Within the material below, transcribe exactly the lines from the one holding "Vi vill därför" through the one holding "Dumnezeu T&#259;m&#259;duitorul: God", keeping both ends and skipping the rest.

___ Excerpted data ___

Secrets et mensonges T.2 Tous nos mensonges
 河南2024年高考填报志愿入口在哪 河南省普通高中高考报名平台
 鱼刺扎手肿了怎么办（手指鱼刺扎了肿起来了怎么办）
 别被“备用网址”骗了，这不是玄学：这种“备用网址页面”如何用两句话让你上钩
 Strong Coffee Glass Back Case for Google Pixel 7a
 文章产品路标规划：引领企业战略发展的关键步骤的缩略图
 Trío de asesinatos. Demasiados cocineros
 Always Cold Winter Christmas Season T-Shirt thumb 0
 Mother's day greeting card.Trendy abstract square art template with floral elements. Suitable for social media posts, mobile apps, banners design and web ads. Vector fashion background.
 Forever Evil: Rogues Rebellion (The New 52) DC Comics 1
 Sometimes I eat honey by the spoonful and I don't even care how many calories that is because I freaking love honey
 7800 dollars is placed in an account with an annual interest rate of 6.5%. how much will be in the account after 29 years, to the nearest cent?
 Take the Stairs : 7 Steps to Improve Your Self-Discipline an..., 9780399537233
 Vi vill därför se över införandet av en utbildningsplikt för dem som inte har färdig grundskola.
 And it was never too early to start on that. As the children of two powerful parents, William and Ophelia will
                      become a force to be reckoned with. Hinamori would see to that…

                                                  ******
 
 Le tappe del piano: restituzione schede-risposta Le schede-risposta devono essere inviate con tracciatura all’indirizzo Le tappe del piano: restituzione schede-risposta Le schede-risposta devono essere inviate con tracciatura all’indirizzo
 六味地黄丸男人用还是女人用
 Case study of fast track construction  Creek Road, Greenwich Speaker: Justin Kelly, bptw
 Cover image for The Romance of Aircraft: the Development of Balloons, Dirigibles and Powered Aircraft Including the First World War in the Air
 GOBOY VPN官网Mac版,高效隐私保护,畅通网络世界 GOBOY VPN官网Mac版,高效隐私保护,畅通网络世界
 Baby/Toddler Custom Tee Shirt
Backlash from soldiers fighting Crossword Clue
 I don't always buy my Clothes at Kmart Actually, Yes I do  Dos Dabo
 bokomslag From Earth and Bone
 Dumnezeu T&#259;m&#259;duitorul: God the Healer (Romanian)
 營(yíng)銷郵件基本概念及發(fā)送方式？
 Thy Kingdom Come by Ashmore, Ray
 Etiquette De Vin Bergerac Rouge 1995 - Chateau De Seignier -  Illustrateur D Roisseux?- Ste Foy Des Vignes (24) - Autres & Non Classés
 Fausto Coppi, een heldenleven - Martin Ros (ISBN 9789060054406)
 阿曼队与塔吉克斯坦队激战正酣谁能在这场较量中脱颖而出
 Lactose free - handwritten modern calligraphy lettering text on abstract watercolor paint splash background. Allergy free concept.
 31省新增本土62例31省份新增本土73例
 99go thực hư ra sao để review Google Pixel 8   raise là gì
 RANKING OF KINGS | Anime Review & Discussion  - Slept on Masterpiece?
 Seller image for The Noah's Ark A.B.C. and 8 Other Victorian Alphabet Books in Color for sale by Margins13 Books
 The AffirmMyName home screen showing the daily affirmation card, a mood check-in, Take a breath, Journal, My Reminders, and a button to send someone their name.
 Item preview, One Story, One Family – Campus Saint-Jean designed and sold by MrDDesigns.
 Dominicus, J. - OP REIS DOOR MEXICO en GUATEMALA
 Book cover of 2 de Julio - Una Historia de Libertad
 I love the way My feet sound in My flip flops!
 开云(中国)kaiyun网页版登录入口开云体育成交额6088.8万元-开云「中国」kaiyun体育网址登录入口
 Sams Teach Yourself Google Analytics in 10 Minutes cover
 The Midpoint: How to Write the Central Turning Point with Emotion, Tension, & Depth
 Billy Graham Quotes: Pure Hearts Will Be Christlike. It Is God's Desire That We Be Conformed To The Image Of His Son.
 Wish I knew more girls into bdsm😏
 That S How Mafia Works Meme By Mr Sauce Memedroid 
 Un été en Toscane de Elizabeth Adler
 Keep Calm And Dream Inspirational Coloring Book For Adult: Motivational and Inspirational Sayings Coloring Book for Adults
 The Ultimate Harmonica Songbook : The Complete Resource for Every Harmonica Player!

___

## [Solution to this task]
 Vi vill därför se över införandet av en utbildningsplikt för dem som inte har färdig grundskola.
 And it was never too early to start on that. As the children of two powerful parents, William and Ophelia will
                      become a force to be reckoned with. Hinamori would see to that…

                                                  ******
 
 Le tappe del piano: restituzione schede-risposta Le schede-risposta devono essere inviate con tracciatura all’indirizzo Le tappe del piano: restituzione schede-risposta Le schede-risposta devono essere inviate con tracciatura all’indirizzo
 六味地黄丸男人用还是女人用
 Case study of fast track construction  Creek Road, Greenwich Speaker: Justin Kelly, bptw
 Cover image for The Romance of Aircraft: the Development of Balloons, Dirigibles and Powered Aircraft Including the First World War in the Air
 GOBOY VPN官网Mac版,高效隐私保护,畅通网络世界 GOBOY VPN官网Mac版,高效隐私保护,畅通网络世界
 Baby/Toddler Custom Tee Shirt
Backlash from soldiers fighting Crossword Clue
 I don't always buy my Clothes at Kmart Actually, Yes I do  Dos Dabo
 bokomslag From Earth and Bone
 Dumnezeu T&#259;m&#259;duitorul: God the Healer (Romanian)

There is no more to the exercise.